The free movement of people within the Common Travel Area is underpinned by cooperation between the two States in the form of exchange of data and addresses issues such as persons seeking international protection. The withdrawal of the UK from the EU will require new measures including legislative changes. Preparations are ongoing in the Department of Justice and Equality and in consultation with the Attorney General’s Office.
Justice and security issues will continue to be of primary importance as part of ongoing cooperation between Ireland and the UK, including in the context of the Northern Ireland peace process. The Government has taken a number of steps in this area to mitigate the effects of Brexit.
Measures will be in place to ensure a viable extradition system with the UK in a no deal scenario, and to maintain the system of exchange of law enforcement data in a manner compatible with EU instruments on data protection.
Part 13 of the Brexit Omnibus Act provides a legislative basis for alternative extradition arrangements under the 1957 Council of Europe Convention on Extradition. These arrangements are less straightforward than the current European Arrest Warrant (EAW) process, but they ensure that in a no deal scenario there will be an extradition framework in place between Ireland and the UK.
The free movement of Irish and UK nationals within the Common Travel Area is underpinned by cooperation between both jurisdictions on issues such as persons seeking international protection.
Solutions have been identified to ensure the necessary exchange of police information between Irish and UK law enforcement agencies within the framework of the EU Data Protection regime.
While it is recognised that there may be challenges in terms of security, organised crime and smuggling in the context of a no deal Brexit, as part of the general increase in recruitment and resourcing of An Garda Síochána, additional Garda resources have been deployed to border areas in recent months and this process is continuing.

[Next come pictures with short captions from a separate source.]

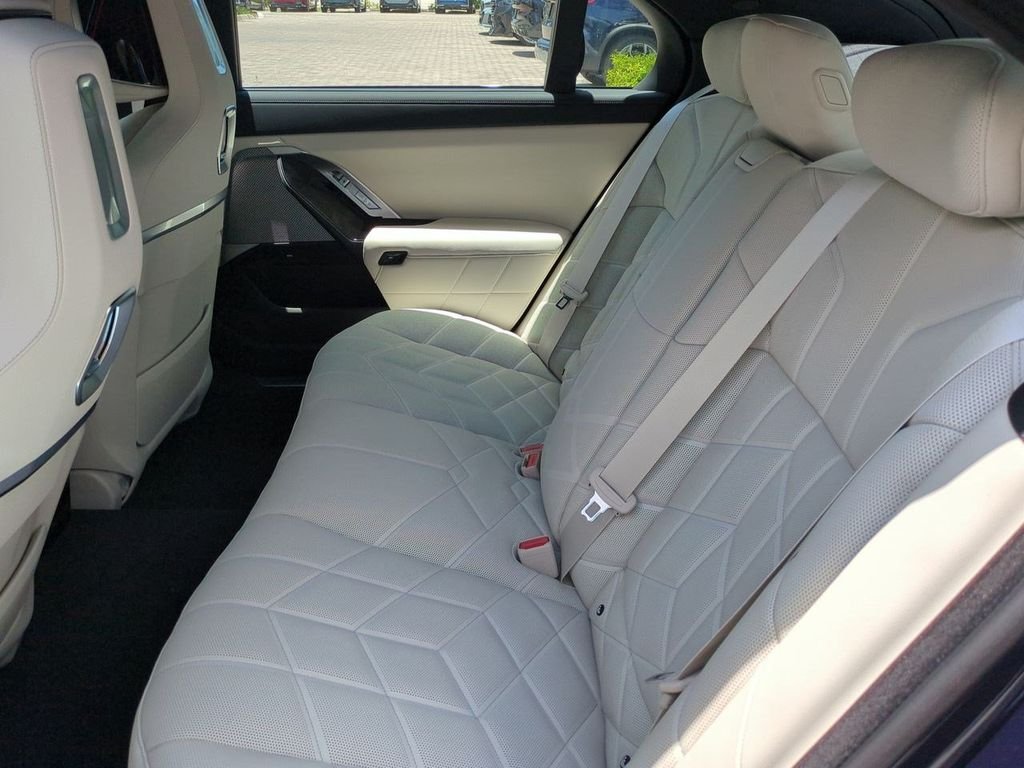 New 2026 Blue BMW 740i xDrive image 14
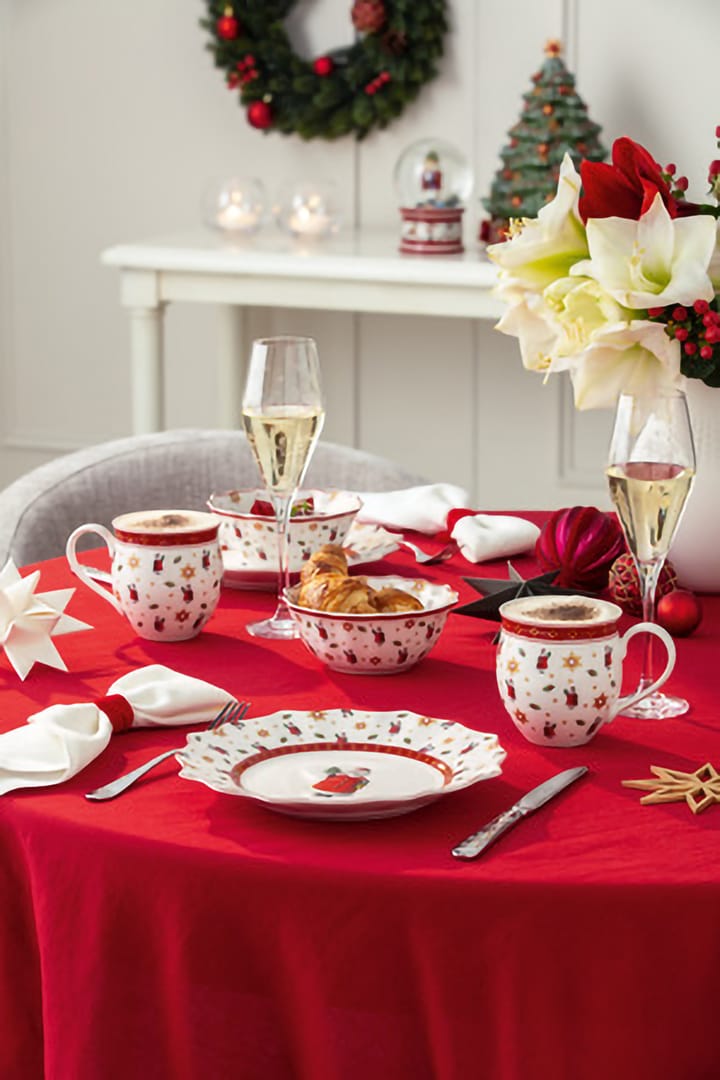 Toy's Delight kopp 4 delar, Vit-röd Villeroy & Boch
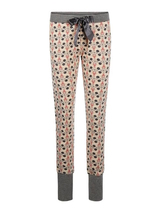 Charlie Choe Circus crème pyjama pant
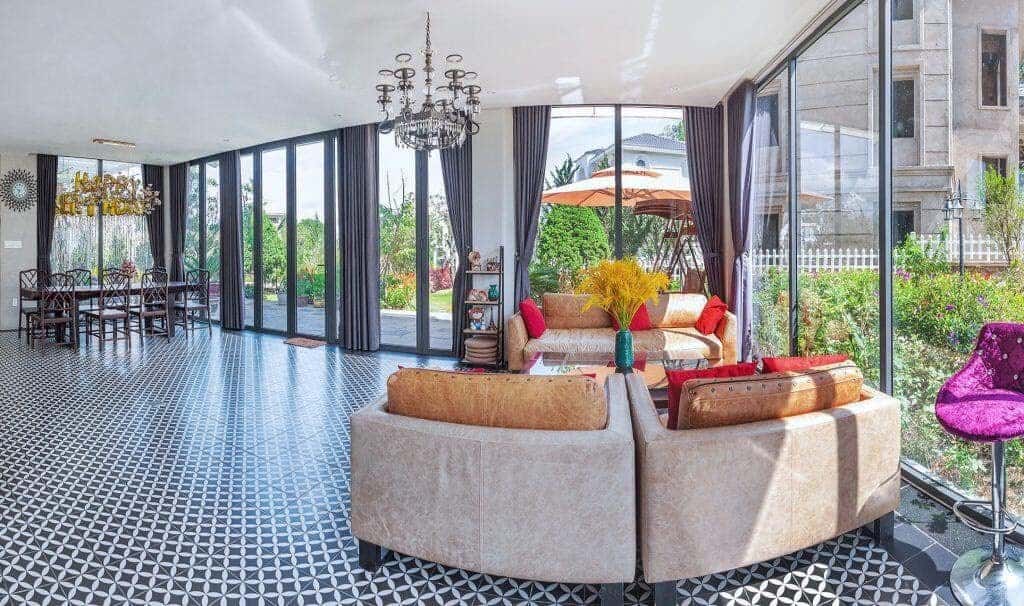 6.6 nam ho villa da lat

In the event of a no deal Brexit further resources can, and will, be provided immediately through normal redeployment. Any medium to long-term implications would require assessment in the light of experience. Secondary legislation on the following matters has been completed and is ready to be brought in to force, when and if required:
Designation of the UK as a safe third country for processing migration claims;
Recognition of the qualifications of UK solicitors;
Provision for UK citizens to become members of An Garda Síochána and the Garda Reserve;
As outlined in the Chapter on legislation, Part 14 of the Brexit Omnibus Act will be commenced in July 2019 to amend the Immigration Act 1999 and 2003. This is to confirm that immigration officers, in considering removing or deporting a person from the State, have the power to undertake refoulement consideration, in line with EU and international obligations.
The Government is bringing forward the Family Law Bill 2019 following the enactment of the Thirty-eighth Amendment of the Constitution (Dissolution of Marriage) Act 2019 on 11 June 2019. The Bill contains provisions to ensure that divorces granted in the UK after 1 March 2001 will, post-Brexit, continue to be recognised in Ireland on the basis of habitual residence, rather than the domicile requirement, as provided for in the Domicile and Recognition of Foreign Divorces Act 1986, which applies to divorces granted in nonEU states.
Government is bringing forward the Family Law Bill 2019 following the enactment of the Thirty-eighth Amendment of the Constitution (Dissolution of Marriage) Act 2019 on 11 June 2019.
New secondary legislation is being prepared to facilitate the payment and recovery of maintenance payments in cross-border cases.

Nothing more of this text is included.